* **DATA RECORDS**:
Start of Block
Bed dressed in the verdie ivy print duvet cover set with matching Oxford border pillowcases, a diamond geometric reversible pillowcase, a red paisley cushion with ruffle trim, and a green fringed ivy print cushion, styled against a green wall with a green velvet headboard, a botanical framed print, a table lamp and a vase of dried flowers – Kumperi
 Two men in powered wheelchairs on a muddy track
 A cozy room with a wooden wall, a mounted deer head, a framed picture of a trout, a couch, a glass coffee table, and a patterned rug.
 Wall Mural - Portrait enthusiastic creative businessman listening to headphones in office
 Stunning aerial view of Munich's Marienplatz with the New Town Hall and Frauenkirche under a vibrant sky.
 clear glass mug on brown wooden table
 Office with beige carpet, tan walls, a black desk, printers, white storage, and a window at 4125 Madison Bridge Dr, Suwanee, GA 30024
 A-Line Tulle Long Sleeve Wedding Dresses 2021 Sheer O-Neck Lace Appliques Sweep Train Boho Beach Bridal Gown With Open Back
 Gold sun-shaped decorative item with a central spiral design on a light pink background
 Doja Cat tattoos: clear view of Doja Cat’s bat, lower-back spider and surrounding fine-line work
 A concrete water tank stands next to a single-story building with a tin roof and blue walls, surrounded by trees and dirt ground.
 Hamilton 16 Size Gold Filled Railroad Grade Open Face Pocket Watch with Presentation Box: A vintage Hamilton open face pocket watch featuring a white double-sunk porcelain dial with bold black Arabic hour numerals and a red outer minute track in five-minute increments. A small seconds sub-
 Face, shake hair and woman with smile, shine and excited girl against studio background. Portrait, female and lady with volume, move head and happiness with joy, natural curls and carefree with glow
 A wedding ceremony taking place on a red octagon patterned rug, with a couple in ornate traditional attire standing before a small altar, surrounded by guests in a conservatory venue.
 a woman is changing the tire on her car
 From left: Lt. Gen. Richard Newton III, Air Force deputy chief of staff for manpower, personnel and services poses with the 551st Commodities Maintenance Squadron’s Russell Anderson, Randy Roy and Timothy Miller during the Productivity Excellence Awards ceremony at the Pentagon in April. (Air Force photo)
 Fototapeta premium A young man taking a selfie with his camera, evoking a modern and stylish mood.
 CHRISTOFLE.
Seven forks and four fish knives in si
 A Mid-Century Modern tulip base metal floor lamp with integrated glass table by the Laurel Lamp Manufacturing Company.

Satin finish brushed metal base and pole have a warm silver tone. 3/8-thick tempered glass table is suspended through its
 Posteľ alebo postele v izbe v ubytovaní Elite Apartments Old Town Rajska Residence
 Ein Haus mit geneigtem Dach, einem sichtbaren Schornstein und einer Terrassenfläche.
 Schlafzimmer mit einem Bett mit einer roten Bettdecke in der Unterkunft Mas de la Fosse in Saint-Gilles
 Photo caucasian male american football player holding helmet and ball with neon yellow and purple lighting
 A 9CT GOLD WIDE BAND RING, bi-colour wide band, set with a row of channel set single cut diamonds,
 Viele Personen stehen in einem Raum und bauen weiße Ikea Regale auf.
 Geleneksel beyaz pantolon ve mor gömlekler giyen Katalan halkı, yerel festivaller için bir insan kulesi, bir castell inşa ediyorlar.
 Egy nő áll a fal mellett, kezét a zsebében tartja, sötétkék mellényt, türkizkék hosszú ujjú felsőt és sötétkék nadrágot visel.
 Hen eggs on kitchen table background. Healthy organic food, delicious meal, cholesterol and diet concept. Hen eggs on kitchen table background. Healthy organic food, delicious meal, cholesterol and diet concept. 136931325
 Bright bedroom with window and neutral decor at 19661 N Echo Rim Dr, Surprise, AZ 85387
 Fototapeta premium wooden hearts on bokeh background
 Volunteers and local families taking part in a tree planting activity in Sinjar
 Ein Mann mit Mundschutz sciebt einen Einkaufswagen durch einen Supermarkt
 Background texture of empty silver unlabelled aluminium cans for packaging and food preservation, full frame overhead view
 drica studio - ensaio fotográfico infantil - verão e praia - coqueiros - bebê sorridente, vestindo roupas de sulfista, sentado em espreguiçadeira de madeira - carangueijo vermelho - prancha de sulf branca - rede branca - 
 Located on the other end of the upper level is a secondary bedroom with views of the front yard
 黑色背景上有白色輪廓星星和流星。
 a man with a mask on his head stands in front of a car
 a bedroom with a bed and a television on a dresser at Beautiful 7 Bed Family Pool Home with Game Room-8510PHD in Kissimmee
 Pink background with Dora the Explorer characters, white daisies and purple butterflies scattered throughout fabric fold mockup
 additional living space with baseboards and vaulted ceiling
End of Block
* **THE PROBLEM**:
Write out each line above with the word "Open".

* **COMPLETED EXERCISE**:
 A-Line Tulle Long Sleeve Wedding Dresses 2021 Sheer O-Neck Lace Appliques Sweep Train Boho Beach Bridal Gown With Open Back
 Hamilton 16 Size Gold Filled Railroad Grade Open Face Pocket Watch with Presentation Box: A vintage Hamilton open face pocket watch featuring a white double-sunk porcelain dial with bold black Arabic hour numerals and a red outer minute track in five-minute increments. A small seconds sub-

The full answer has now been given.